The rest of the paper paper is organized as follows. Section 2 describes the data and the methodology. Section 3 is devoted to the discussion of the empirical results for the three different eras. Section 4 concludes.

2. Data and methodology

2.1. Data

Our analysis of the macroeconomic implications of epidemics focuses on English data spanning the period 1500–2019. In line with existing empirical works, the death rate is used as a proxy for epidemic intensity. We first retrieve an estimate of the crude number of deaths from different sources and then divide it by population taken from Ryland and Dimsdale (2017). Full details on data are provided in Appendix A and Appendix B.

For the sake of robustness, we control for other factors correlated to our macroeconomic variables. In particular, we control for the effect of wars. To do so, we build a novel war death rate using war dates from Sorokin (1937), Clodfelter (2017) and BritishBattles.com (http://britishbattles.com/). We further include a dummy taking value 1 if an extreme climate event occurred in a specific year $t$ and 0 otherwise.7

As main macroeconomic variables, we employ real GDP per capita and the real wage. Both variables have been collected from Ryland and Dimsdale (2017) and run from 1500 to 2019. As previously discussed, the economic environment evolved significantly over the centuries. Consistently with the different socio-economic characteristics characterizing the three eras, we study the responses to epidemic shocks of other variables. For the most basic economy, i.e., pre-capitalism, we only account for real wages and real GDP per capita. In the industrial-capitalism period, inflation is included as well. Finally, for the financial-capitalism era, we compute responses also for real investment growth, labour-to-capital-ratio, real consumption growth and real share price return.

2.2. Methodology

We estimate impulse response functions using the local projections method developed by Jordà (2005), controlling for wars and extreme weather events. Formally, we estimate the following equation:

$$\begin{array}{ccc}\hfill y_{t+H}& =& {\alpha }^H+\sum _{j=1}^n{\beta }_j^H{y}_{t-j}+\sum _{j=0}^m{\gamma }_j^H{P}_{t-j}+\sum _{j=0}^m{\delta }_j^H{W}_{t-j}\hfill \\ & & +\sum _{j=0}^m{\varphi }_j^H{C}_{t-j}+{ϵ}_t\text{with}H=\{0,...,5\}\hfill \end{array}$$ (1)

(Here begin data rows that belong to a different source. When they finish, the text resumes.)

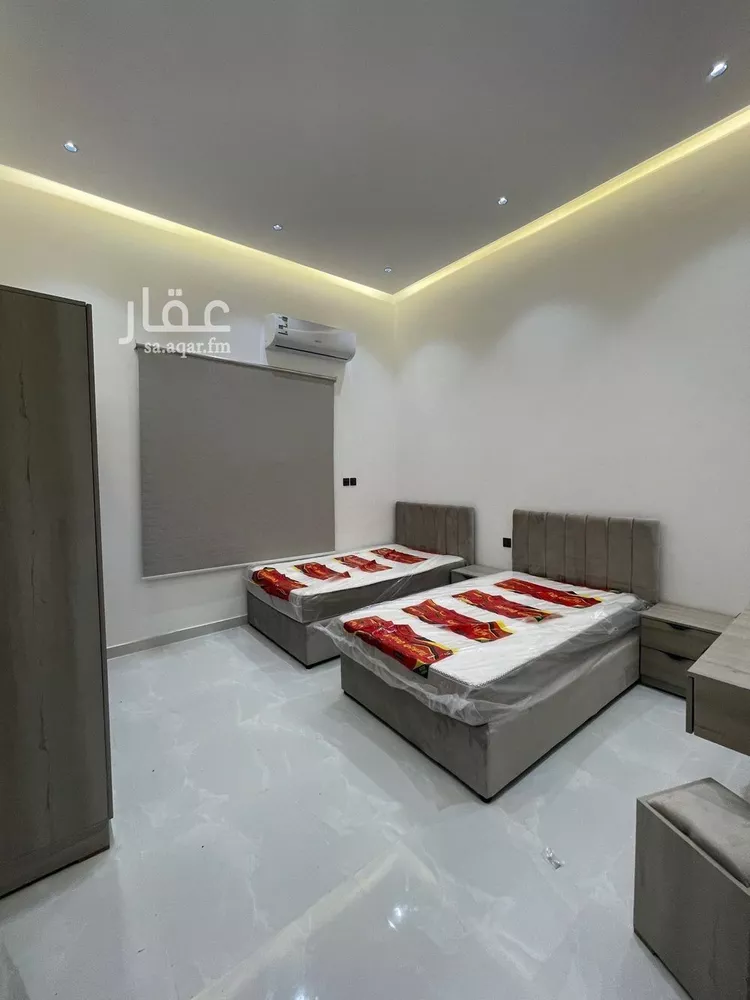 شقة للإيجار في شارع النابغة الجعدي, حي الشفاء, مدينة حفر الباطن, المنطقة الشرقية 12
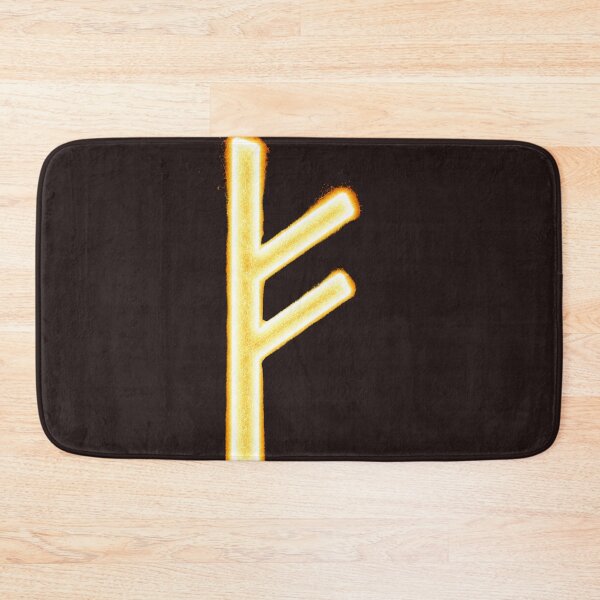 Item preview, Fehu Rune Meaning – Abundance, Prosperity & Spiritual Wealth | Elder Futhark Design designed and sold by TheSymbolicBlend.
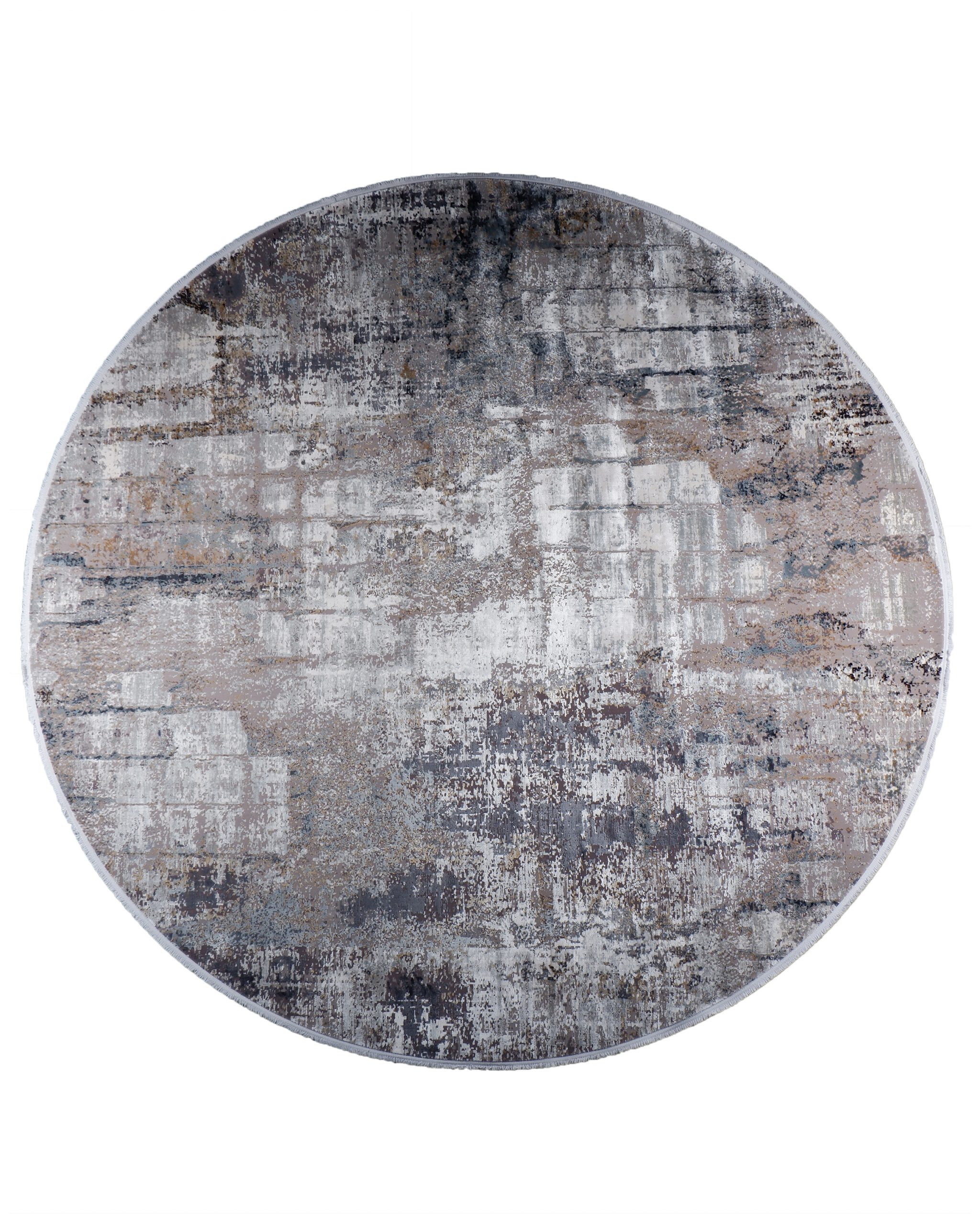 round carpet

where $y_t$ represents the dependent or response variable. Lagged values of the dependent variable are also included in order to control for autocorrelation.8 The number of lags, $n$ and $m,$ are selected according to BIC criteria and equal to two. $P_t,$ $W_t$ and $C_t$ are shock variables indicating epidemics, wars, and adverse climate events, respectively. $P_t$ and $W_t$ are expressed as crude death rates and $C_t$ is the dummy indicating years in which an extreme climate event occurred. The inclusion of $W_t$ and $C_t$ in Eq. (1) allows us to identify the response to a epidemic shock, controlling for wars and adverse climate events.

3. Empirical results

In what follows we present local projections impulse responses of our main macroeconomic aggregates to epidemic shocks estimated in the three different eras, i.e., pre-capitalism, industrial-capitalism, and financial-capitalism.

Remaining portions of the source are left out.